[[ Raw data, beginning ]]

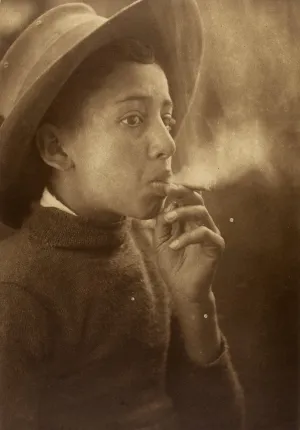 Untitled [Boy smoking wearing a wide-brimmed hat]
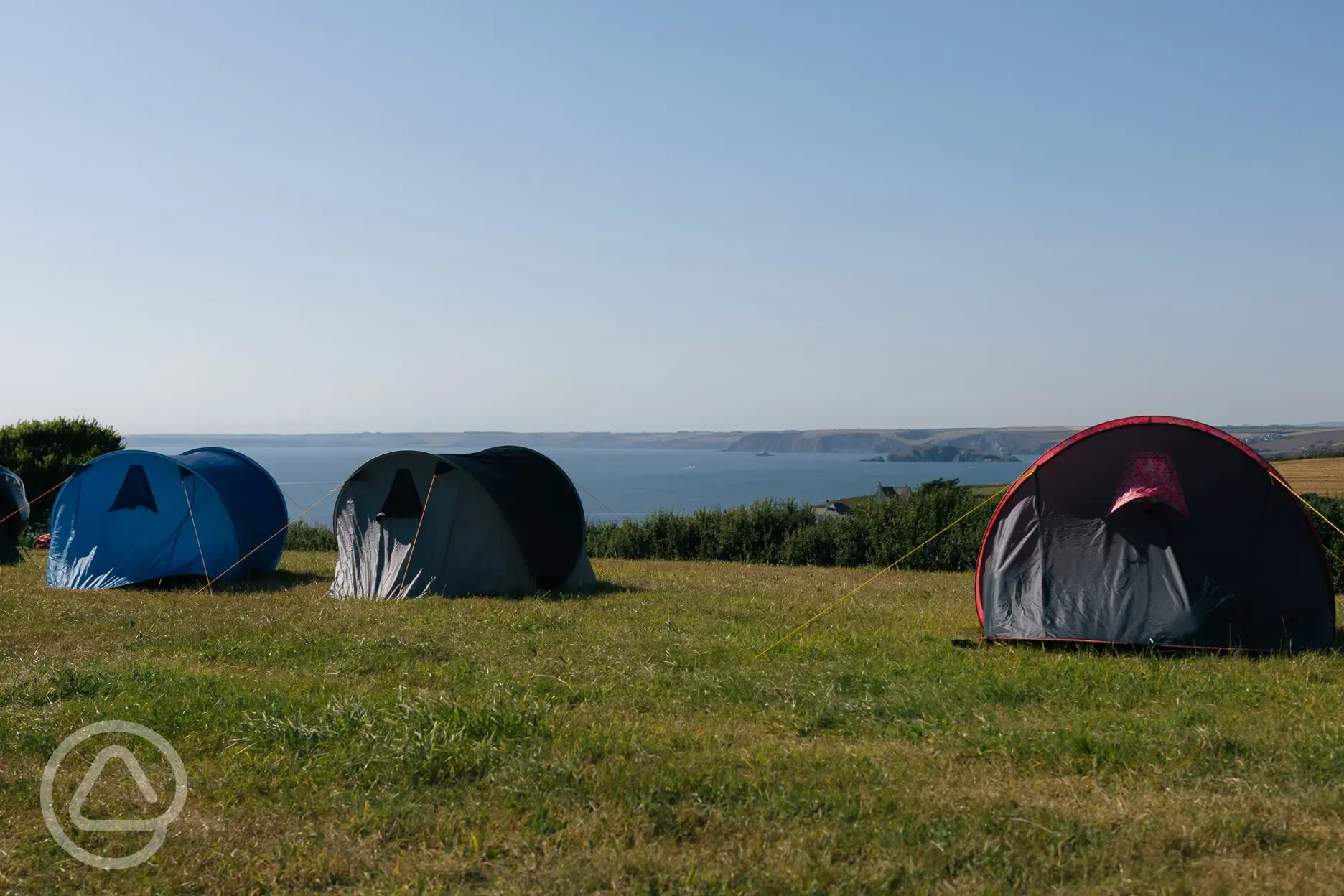 Non electric grass pitches with sea views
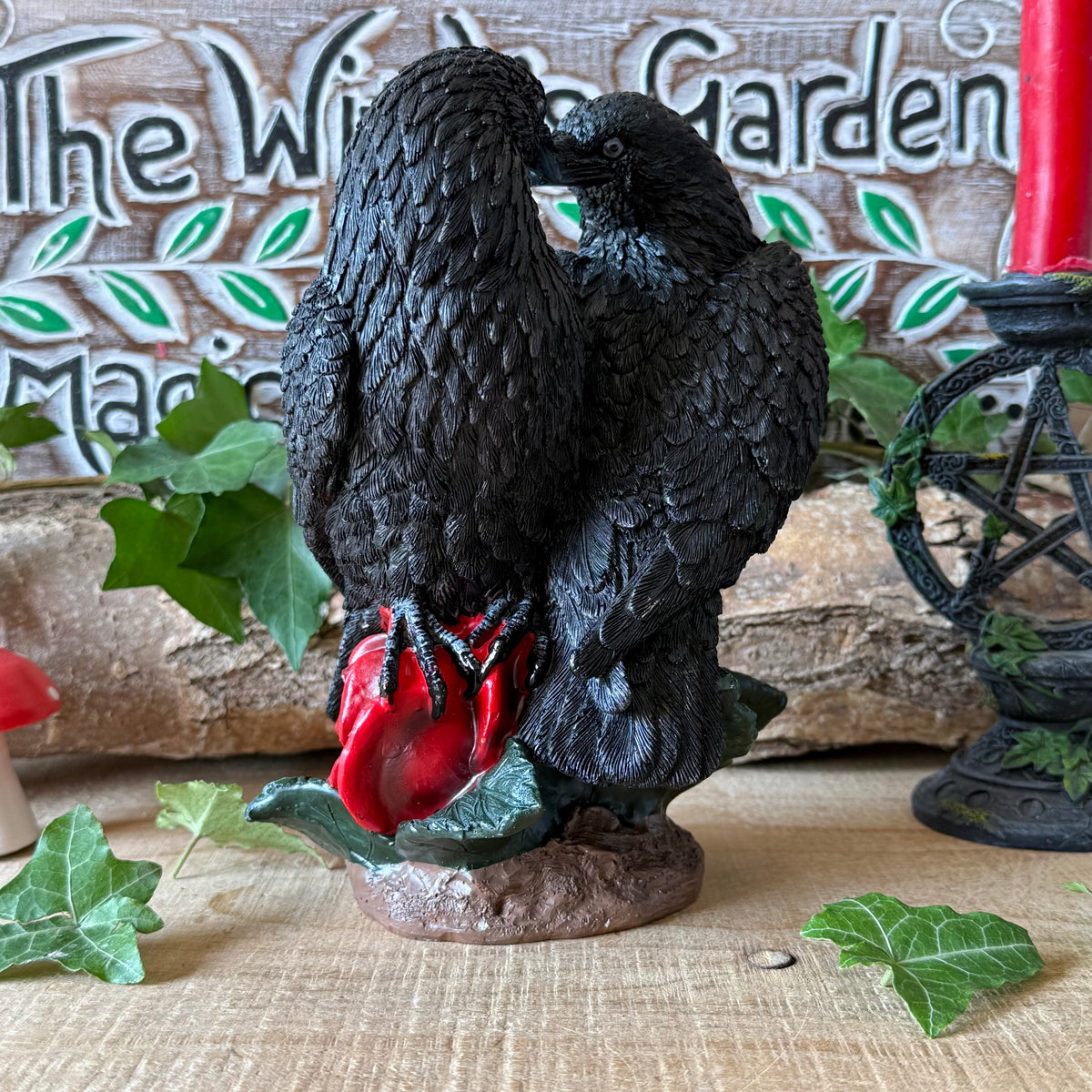 Nemesis Now Raven Romance figurine featuring two black ravens and red roses. Hand-painted gothic resin ornament for collectors, altars and raven lovers.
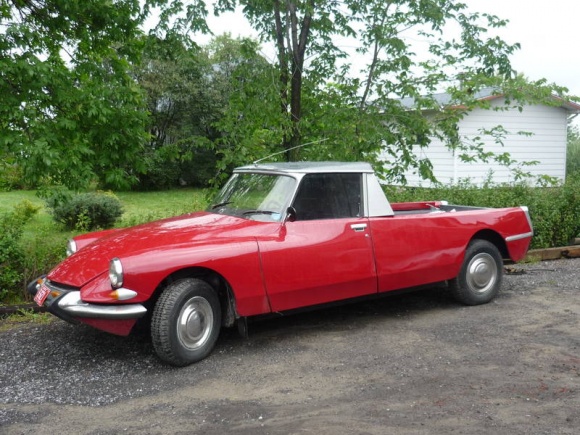 Red Citroen DS converted into a pickup parked on gravel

[[ Raw data, end ]]

■ What the task requires
Everything in the data except the pictures must appear in your answer unchanged.

■ Response to this exercise
 Untitled [Boy smoking wearing a wide-brimmed hat]
 Non electric grass pitches with sea views
 Nemesis Now Raven Romance figurine featuring two black ravens and red roses. Hand-painted gothic resin ornament for collectors, altars and raven lovers.
 Red Citroen DS converted into a pickup parked on gravel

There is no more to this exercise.